Among the lines of the listing below, retype exactly those from the one containing "Alt view image" through the one containing "Free Printable Character Traits Crossword Puzzle Free", both included. Do not include pictures.

** Opening MATERIAL FOR THIS TASK block **

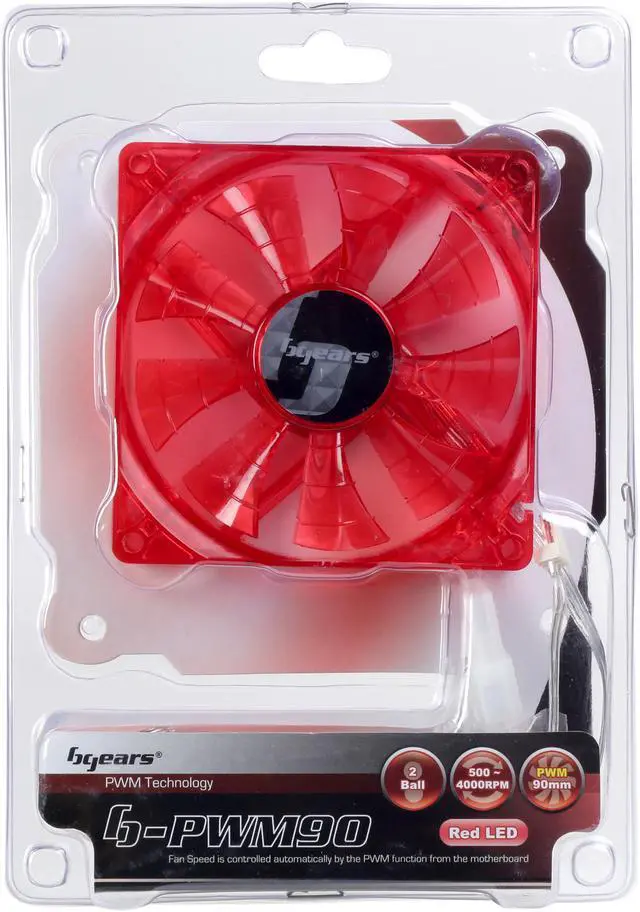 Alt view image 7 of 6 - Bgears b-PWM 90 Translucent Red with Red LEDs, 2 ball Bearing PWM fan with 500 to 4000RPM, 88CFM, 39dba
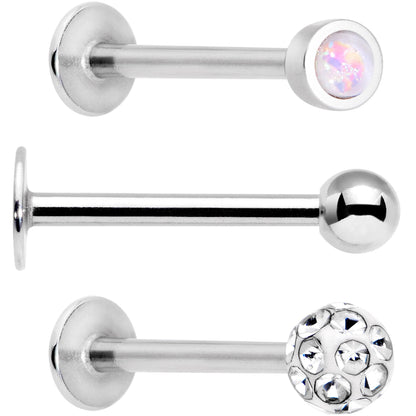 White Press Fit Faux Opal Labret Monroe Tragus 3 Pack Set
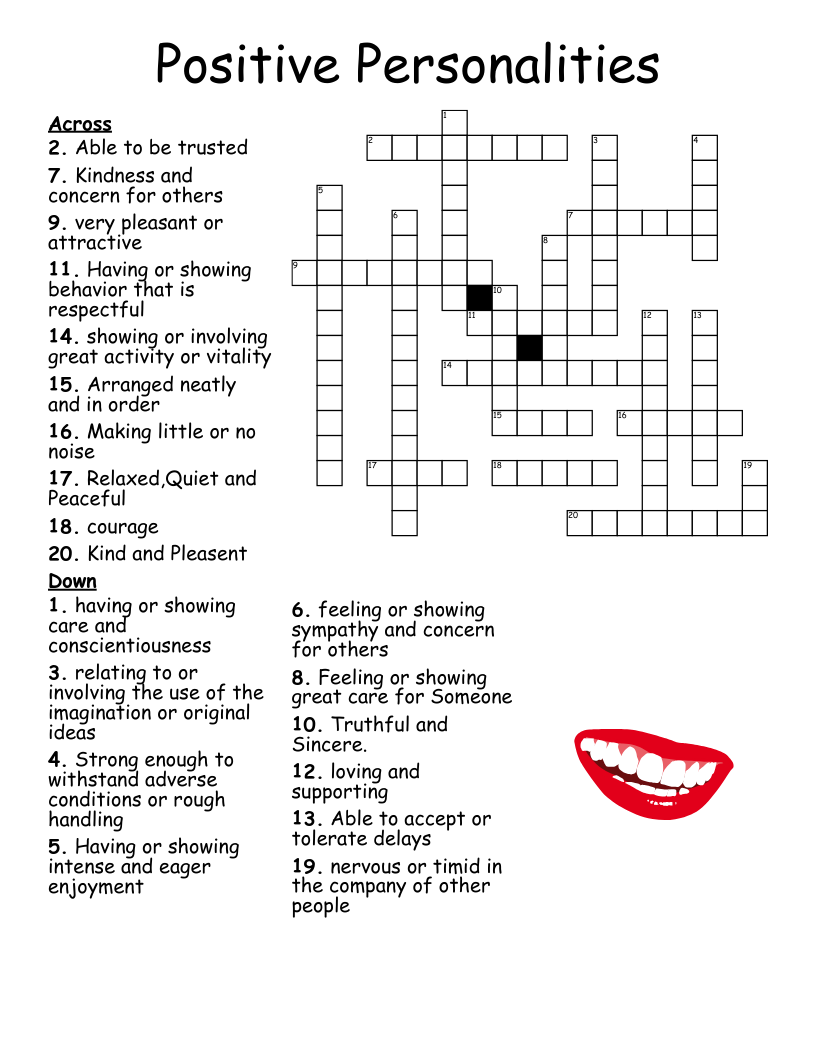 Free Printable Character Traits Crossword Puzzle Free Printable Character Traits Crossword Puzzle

** Closing MATERIAL FOR THIS TASK block **
** Opening MATERIAL FOR THIS TASK block **

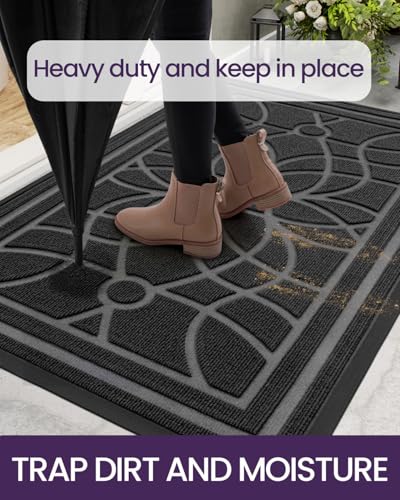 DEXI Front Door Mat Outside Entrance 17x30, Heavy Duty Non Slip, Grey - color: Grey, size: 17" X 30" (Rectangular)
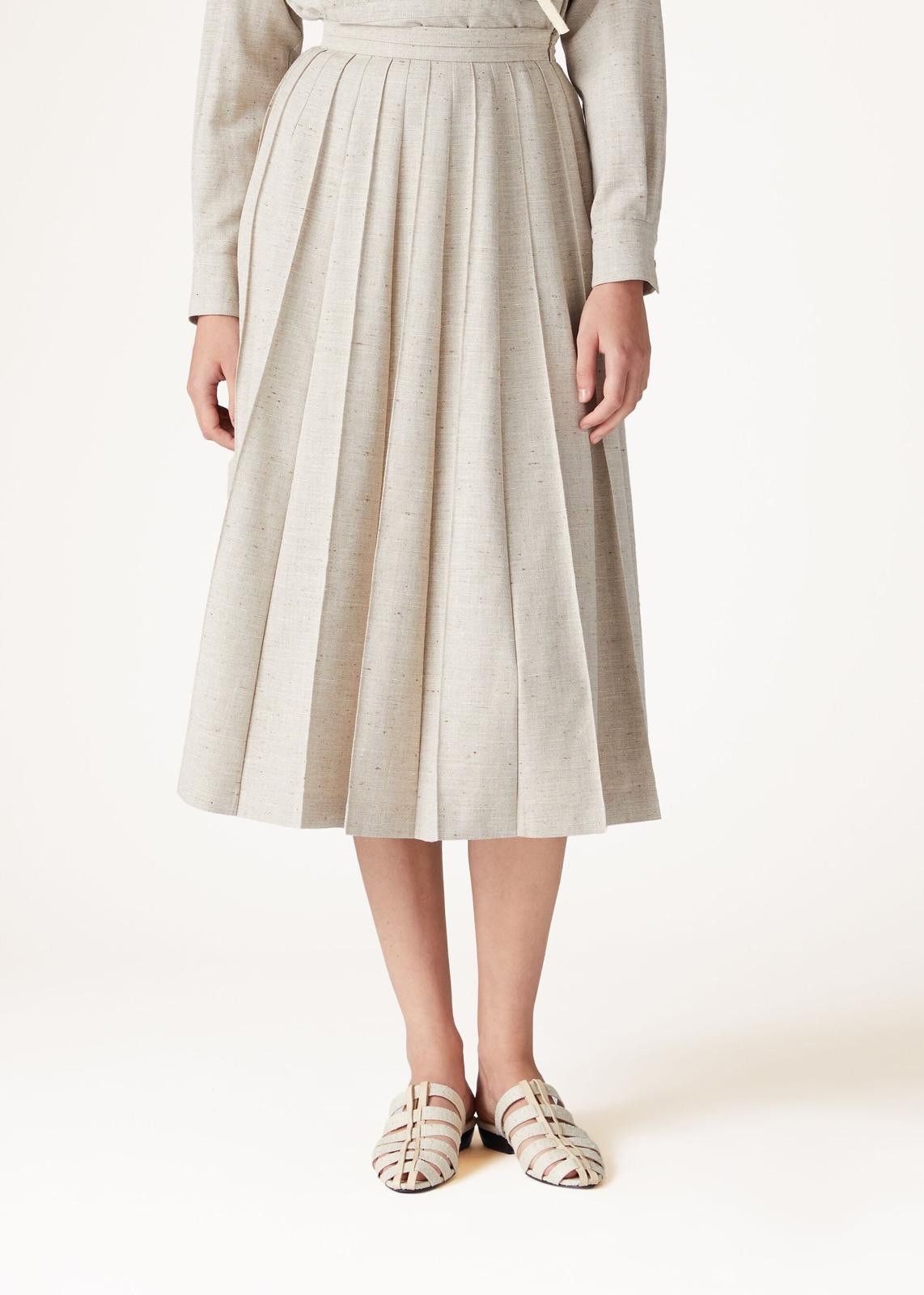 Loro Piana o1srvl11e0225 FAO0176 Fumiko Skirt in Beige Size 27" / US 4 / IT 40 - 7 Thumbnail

** Closing MATERIAL FOR THIS TASK block **
** Opening MATERIAL FOR THIS TASK block **

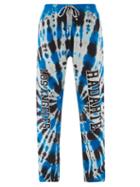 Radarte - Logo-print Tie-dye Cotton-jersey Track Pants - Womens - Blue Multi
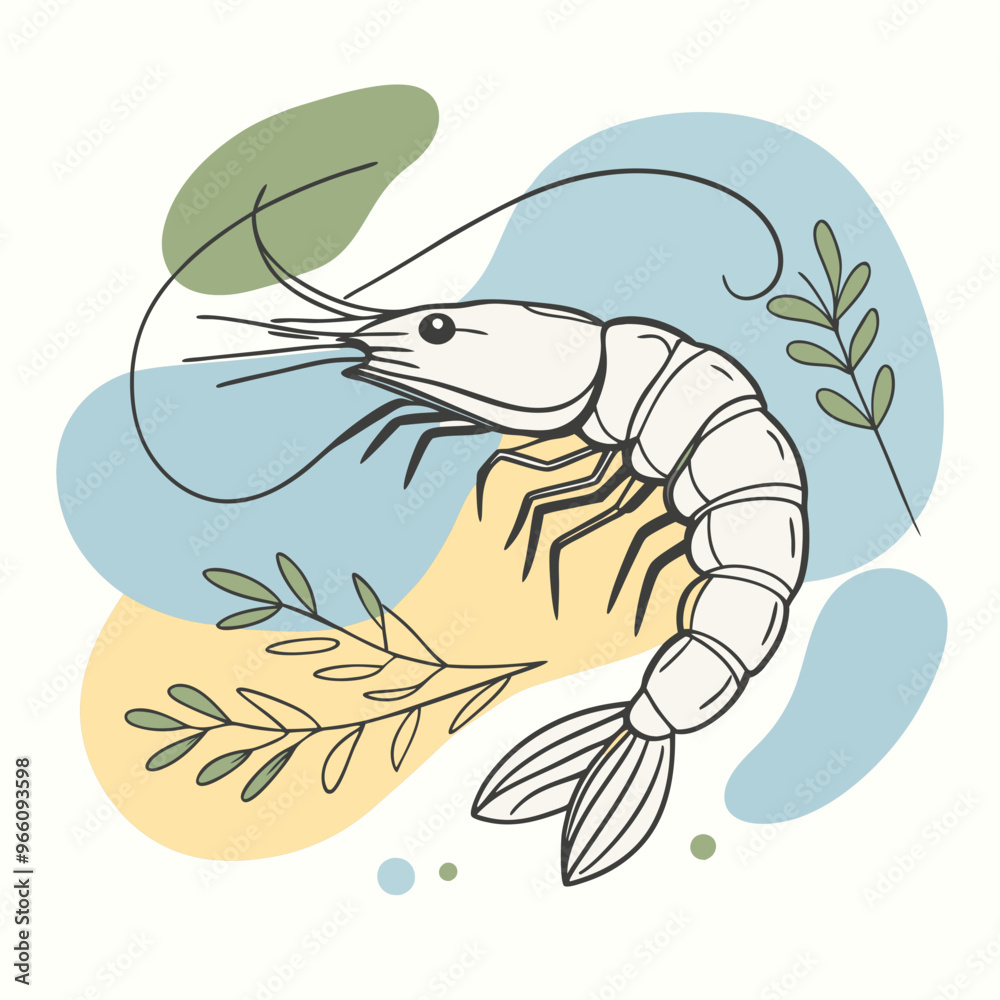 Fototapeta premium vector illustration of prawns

** Closing MATERIAL FOR THIS TASK block **

EXERCISE RESPONSE:
 Alt view image 7 of 6 - Bgears b-PWM 90 Translucent Red with Red LEDs, 2 ball Bearing PWM fan with 500 to 4000RPM, 88CFM, 39dba
 White Press Fit Faux Opal Labret Monroe Tragus 3 Pack Set
 Free Printable Character Traits Crossword Puzzle Free Printable Character Traits Crossword Puzzle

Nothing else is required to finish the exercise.